[YOUR OBJECTIVE]: Below are entries. Reproduce exactly the lines between the line holding "12 Oakleigh Court, Avenue" and the line holding "2023 Tata Harrier Fearless AT", inclusive, and only those.

[DATA RECORDS]:
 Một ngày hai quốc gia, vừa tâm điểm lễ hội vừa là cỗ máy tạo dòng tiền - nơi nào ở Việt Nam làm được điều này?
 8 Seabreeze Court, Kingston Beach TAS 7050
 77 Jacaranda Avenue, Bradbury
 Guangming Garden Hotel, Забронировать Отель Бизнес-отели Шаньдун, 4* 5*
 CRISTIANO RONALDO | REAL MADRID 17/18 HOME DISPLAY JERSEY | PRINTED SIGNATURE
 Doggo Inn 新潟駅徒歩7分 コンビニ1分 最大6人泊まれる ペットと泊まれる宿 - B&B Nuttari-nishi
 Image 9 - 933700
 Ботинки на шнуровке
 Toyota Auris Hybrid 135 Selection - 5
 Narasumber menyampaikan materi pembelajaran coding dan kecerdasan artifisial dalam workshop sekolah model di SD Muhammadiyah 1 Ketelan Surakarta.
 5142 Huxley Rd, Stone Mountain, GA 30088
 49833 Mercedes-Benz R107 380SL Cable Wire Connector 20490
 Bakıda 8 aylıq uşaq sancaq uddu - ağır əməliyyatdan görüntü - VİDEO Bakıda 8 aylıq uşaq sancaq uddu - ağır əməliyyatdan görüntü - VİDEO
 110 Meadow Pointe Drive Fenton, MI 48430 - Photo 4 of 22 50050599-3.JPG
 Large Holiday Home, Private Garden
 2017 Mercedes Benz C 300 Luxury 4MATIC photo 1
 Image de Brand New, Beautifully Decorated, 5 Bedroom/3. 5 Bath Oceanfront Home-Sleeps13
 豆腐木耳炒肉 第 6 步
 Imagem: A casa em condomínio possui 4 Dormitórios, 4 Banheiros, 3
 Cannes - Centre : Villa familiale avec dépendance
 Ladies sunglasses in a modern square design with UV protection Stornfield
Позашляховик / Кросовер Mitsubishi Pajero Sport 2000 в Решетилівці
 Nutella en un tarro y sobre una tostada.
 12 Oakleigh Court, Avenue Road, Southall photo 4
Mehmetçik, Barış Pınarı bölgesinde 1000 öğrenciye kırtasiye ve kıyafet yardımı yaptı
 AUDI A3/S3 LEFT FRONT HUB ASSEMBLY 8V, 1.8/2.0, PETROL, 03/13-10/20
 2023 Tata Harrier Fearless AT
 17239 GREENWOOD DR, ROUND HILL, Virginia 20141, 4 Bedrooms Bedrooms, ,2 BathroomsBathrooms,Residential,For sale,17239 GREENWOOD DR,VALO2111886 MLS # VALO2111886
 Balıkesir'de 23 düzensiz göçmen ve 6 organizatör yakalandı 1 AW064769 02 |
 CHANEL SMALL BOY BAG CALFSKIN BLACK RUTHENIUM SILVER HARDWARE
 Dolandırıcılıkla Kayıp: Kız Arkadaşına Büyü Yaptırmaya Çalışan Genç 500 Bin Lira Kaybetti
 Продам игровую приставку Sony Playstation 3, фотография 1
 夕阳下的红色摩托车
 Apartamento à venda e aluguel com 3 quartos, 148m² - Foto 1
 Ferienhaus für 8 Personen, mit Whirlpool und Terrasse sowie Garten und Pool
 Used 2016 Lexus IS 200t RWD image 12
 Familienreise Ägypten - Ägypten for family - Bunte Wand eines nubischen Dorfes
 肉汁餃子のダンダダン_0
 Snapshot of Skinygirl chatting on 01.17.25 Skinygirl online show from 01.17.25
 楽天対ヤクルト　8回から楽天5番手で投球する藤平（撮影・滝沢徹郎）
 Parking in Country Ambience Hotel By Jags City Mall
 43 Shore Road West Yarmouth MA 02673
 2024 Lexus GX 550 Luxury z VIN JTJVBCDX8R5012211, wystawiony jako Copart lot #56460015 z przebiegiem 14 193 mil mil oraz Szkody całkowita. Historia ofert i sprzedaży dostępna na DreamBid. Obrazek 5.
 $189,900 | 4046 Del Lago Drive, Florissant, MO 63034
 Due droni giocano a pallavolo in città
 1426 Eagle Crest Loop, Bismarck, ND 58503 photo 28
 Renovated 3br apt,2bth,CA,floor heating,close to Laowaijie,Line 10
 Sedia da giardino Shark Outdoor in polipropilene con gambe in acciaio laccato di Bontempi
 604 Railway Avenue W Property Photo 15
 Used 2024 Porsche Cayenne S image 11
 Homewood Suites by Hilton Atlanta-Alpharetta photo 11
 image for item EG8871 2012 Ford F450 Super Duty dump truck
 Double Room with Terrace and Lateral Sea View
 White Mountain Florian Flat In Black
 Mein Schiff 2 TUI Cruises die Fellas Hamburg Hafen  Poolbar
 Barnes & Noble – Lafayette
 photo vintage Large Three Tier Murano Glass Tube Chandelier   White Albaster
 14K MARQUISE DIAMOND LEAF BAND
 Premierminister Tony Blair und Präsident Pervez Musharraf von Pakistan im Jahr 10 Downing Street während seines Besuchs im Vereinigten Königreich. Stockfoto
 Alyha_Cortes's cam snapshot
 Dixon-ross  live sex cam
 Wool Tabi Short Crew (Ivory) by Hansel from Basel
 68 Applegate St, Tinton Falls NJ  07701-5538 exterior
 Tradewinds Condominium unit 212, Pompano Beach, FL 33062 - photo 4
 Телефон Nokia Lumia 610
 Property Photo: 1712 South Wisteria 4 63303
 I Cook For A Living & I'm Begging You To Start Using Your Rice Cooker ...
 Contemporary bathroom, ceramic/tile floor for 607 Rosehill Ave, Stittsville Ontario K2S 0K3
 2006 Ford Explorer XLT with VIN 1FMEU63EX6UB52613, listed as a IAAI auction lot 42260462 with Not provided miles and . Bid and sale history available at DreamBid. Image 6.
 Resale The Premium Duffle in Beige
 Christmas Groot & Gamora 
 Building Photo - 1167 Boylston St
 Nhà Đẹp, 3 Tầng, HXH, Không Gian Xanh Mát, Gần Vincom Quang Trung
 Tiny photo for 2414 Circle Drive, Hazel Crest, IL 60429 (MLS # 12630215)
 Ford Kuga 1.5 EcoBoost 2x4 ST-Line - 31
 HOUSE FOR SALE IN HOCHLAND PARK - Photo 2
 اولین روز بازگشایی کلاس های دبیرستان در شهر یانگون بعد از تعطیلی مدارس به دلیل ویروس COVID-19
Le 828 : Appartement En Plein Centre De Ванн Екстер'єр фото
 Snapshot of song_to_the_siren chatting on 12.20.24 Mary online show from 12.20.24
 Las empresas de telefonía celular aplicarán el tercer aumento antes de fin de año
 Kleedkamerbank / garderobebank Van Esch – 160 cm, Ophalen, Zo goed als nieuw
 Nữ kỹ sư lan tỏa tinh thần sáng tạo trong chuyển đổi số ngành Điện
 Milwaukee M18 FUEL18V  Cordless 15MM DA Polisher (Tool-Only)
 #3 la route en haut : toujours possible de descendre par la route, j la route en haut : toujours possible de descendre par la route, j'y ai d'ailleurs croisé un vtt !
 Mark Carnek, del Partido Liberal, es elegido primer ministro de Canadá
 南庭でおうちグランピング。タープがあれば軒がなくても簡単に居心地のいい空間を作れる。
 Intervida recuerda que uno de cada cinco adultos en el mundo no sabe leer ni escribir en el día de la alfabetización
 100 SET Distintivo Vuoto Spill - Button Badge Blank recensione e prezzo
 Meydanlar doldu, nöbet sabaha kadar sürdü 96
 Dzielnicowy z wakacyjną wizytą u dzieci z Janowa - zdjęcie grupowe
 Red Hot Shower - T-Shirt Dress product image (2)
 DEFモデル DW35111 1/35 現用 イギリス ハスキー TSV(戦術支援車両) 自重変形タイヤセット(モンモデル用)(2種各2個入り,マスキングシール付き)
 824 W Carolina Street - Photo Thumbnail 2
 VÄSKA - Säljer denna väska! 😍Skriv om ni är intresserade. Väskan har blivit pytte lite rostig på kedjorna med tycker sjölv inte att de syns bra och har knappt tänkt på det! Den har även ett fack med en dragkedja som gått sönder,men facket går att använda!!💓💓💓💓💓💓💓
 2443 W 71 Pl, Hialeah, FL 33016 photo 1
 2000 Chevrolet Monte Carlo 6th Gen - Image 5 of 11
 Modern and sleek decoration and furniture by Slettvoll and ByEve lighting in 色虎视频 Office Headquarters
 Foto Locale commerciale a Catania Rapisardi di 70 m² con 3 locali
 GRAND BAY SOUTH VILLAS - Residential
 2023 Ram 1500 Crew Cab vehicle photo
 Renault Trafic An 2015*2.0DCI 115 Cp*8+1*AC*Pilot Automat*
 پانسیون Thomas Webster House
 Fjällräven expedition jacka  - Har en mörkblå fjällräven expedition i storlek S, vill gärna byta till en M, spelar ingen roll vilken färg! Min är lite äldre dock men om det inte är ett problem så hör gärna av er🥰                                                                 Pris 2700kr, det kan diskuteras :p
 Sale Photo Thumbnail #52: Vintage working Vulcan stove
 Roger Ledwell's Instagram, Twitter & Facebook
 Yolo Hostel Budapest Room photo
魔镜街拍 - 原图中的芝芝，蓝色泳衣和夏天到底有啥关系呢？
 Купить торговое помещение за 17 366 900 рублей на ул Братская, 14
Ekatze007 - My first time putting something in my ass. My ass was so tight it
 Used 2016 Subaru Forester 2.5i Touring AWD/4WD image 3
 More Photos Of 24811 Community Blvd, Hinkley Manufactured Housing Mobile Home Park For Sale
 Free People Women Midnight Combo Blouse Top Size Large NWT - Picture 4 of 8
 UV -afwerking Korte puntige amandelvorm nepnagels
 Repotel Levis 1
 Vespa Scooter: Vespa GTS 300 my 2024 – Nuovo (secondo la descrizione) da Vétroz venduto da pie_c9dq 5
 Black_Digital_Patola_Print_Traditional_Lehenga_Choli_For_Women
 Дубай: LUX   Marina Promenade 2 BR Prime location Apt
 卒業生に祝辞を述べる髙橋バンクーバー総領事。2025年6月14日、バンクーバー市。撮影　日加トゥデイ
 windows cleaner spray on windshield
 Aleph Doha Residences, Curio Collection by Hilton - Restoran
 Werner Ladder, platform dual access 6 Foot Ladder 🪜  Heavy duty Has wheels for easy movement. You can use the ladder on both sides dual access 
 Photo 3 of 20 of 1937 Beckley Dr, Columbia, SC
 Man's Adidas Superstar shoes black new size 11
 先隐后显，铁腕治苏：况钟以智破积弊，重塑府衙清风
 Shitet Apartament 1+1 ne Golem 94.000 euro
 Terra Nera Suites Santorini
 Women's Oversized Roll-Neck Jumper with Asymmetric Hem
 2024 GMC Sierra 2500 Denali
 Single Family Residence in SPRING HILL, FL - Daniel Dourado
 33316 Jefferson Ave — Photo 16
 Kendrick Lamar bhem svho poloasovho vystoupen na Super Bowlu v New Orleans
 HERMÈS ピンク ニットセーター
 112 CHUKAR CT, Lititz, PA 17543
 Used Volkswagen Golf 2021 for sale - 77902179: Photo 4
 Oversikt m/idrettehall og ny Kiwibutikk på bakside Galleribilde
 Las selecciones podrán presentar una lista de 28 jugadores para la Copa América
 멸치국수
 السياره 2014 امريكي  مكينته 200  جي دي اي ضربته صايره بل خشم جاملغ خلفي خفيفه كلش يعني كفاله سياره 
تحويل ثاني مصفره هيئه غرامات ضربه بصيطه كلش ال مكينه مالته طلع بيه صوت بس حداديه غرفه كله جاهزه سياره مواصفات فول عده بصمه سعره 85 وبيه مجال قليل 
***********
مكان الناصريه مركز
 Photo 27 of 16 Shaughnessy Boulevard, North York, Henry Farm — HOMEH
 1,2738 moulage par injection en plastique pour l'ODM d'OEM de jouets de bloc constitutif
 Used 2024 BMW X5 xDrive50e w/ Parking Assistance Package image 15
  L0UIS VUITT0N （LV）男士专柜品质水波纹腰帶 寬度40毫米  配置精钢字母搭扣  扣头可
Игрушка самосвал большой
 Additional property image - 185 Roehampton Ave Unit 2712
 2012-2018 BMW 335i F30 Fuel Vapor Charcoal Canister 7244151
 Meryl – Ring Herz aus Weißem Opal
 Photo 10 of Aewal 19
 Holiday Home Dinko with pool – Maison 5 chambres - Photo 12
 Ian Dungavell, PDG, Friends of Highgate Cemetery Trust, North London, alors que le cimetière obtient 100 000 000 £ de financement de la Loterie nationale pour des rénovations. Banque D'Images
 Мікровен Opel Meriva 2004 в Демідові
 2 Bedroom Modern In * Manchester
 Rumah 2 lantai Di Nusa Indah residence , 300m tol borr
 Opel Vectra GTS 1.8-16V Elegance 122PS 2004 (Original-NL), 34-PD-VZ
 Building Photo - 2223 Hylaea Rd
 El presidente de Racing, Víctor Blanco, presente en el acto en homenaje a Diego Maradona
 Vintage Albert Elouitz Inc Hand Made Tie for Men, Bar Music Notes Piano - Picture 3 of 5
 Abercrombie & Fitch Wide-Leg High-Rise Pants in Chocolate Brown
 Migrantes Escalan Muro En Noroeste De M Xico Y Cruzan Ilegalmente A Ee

[ANSWER SECTION]:
 12 Oakleigh Court, Avenue Road, Southall photo 4
Mehmetçik, Barış Pınarı bölgesinde 1000 öğrenciye kırtasiye ve kıyafet yardımı yaptı
 AUDI A3/S3 LEFT FRONT HUB ASSEMBLY 8V, 1.8/2.0, PETROL, 03/13-10/20
 2023 Tata Harrier Fearless AT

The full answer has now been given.